Together, my mother and I watched countless episodes of people searching for the perfect tiny homes across the US. Some of them were less-than-ideal, with cramped spaces and no storage (that’s a no from me, dawg). But others were fantastic, boasting high ceilings, natural light and beautiful views. It’s amazing how much you can do with an 8′ x 40′ space!
I decided to strengthen my knowledge about tiny homes by finding a YouTube channel dedicated to documenting the tiny home movement around the world. “Living Big in a Tiny House” was started by Bryce Langston, a New Zealand-born creative and environmentalist with a passion for small spaces. Langston’s channel has taken me from Arkansas, U.S., where a professional violinist built her dream home/concert space, to Queensland, Australia where recent college grads built their first eco-conscious home for only $12,000! Through watching Langston’s videos, I’ve been challenged to consider the many ways that we can be economical and environmentally-friendly while remaining comfortable and cozy.
I feel like tiny homes are perfect for millennials. (Oh no, here’s yet another “millennial movement” to keep track of). Hear me out: With a tiny home, you don’t always have to pay property tax, especially if your home is built on a camper or an RV. If you do have to pay property tax, it’s nowhere near as high as if you owned a full-sized home. In general, they’re cheaper than full-sized homes. Secondly, because tiny homes aren’t always permanent structures, it’s easy to move around, and you can take your whole home with you! If you don’t have kids – or Tibetan mastiffs – to worry about, tiny homes still offer plenty of space to carry out your daily tasks.
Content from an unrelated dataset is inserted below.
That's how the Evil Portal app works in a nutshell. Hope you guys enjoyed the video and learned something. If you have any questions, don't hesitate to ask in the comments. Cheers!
They aren’t that bad, especially if you’ve ever lived in an apartment in New York City. Tiny homes are also great for the eco-conscious person (the earth is dying, people!). Some are fitted with solar panels and off-grid water systems that allow for water conservation. Don’t worry, with the energy you save from owning a tiny home, you can afford to be connected to city water if managing your own water system sounds daunting.
Through a quick search on the internet, I found so many resources available to people interested in starting their own tiny home journeys. They’re especially helpful because moving into a tiny home is not always an easy switch. There’s a lot to consider: Though you technically have everything you need in a tiny home, the adjustment to having less physical space can be a tricky one. You have to be creative about storage, plumbing and hosting guests (basically, if you enjoy throwing extravagant parties or you have an African family that frequently visits, a tiny home isn’t for you). Also, if you don’t know someone who can give you a piece of their land for free, buying or renting the space to build your tiny home on isn’t always cheap. The largest thing to consider is the overall investment. Tiny homes are great if you plan to own them for a long time or if you do not foresee any issues with selling them. If you’re constantly on the go or plan to move abroad in the future, they might not be the right fit.
Everything has its upsides and downsides, but the shows I’ve watched and blogs I’ve read prove that tiny home living is indeed possible and enjoyable when all your ducks line up. They also offer a possible new solution to the housing crises we have going on around the world.
I’d definitely like to try living in a tiny house for a while to really feel out the experience for myself. It might be the perfect fit…it might not. What are your thoughts on the movement? Would you ever live in a tiny home?